Small-house policy helps maintain New Territories' history, culture, traditions
I refer to the front-page stories ('Village demand for land 'infinite'', November 3) and ('Villagers profit in secret land deals', November 4).
It is clear from your editorial ('Small-house policy has no place here', November 4), that you support the government's desire to deprive indigenous villagers of their current rights under the small-house policy for the New Territories.
However, thousands of 'outsiders' who have moved to the New Territories do not agree with the government's position.
Eighteen years ago, no longer willing to put up with the noise, overcrowding, air pollution, tiny apartment and architectural monstrosities of the city, I had a choice to make; either leave Hong Kong or make a home in Sai Kung.
I chose the latter and it has turned out to be one of the best decisions I have ever made.
Property developers, with government support, have made the living environment in Hong Kong Island and Kowloon a nightmare.
Now, Development Secretary Carrie Lam Cheng Yuet-ngor wants to take land away from indigenous villagers and hand it to those same property developers who, I am sure, are salivating at the prospect.
The Heung Yee Kuk may be an odious organisation but, with respect to the damage that it can inflict, it is infinitely preferable to the property developers.
The government reports that in the past year, applications for building small houses soared to a record high and 1,344 were approved by the Lands Department for the entire, vast area of the New Territories.
Just how does Mrs Lam equate that with 'infinite demand'? The only thing 'infinite' in Hong Kong is the lust of the property developers for more land and more profit.
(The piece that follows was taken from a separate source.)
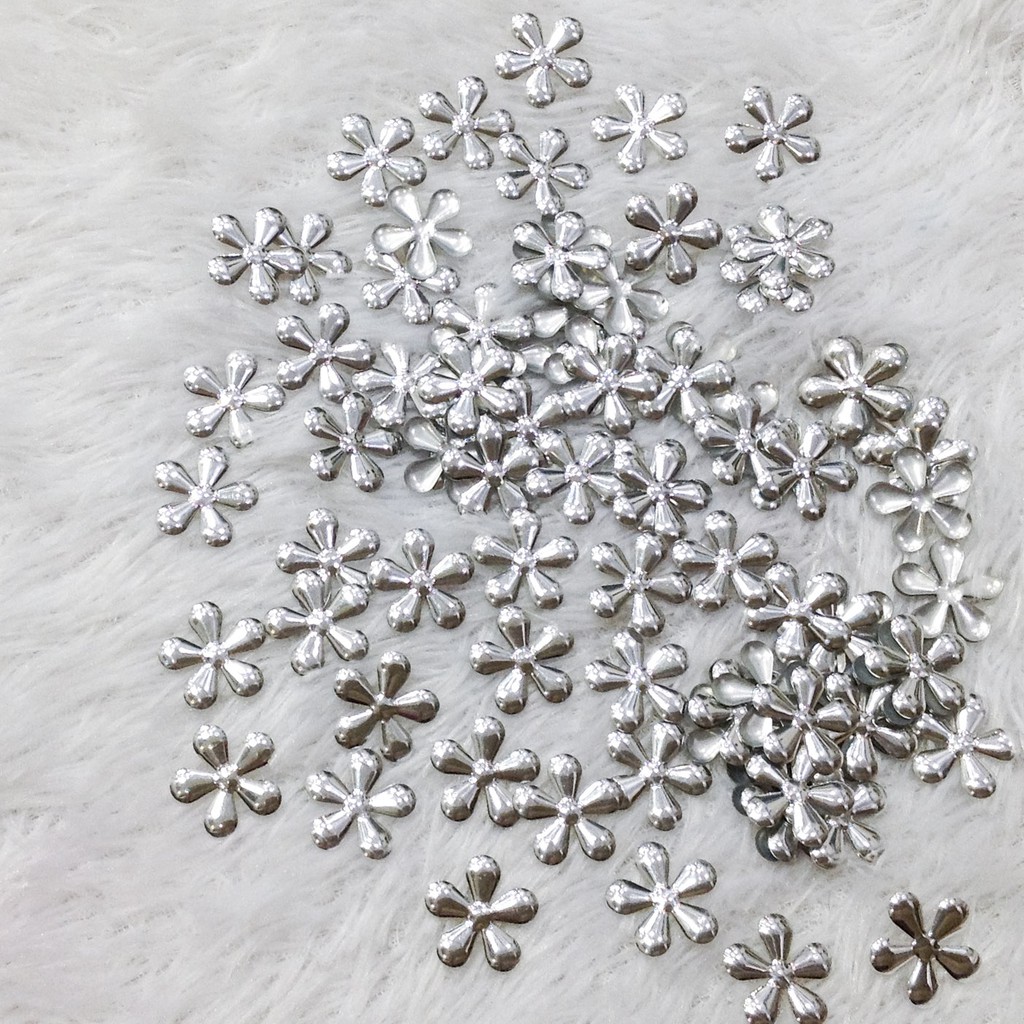 10 hoa mai bạc ủi nhiệt bông nhôm đính dán quần áo trang trí váy đầm size 1.6cm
It is obvious to anyone that the small-house policy is not working as it was designed to work and some adjustments might be required. But the important thing to remember is that the New Territories is not the same as Kowloon and Hong Kong Island.
Its history, culture, traditions and way of life are entirely different and the small-house policy is an important element in maintaining that difference.
As far as possible, the government should take a hands-off approach to the New Territories.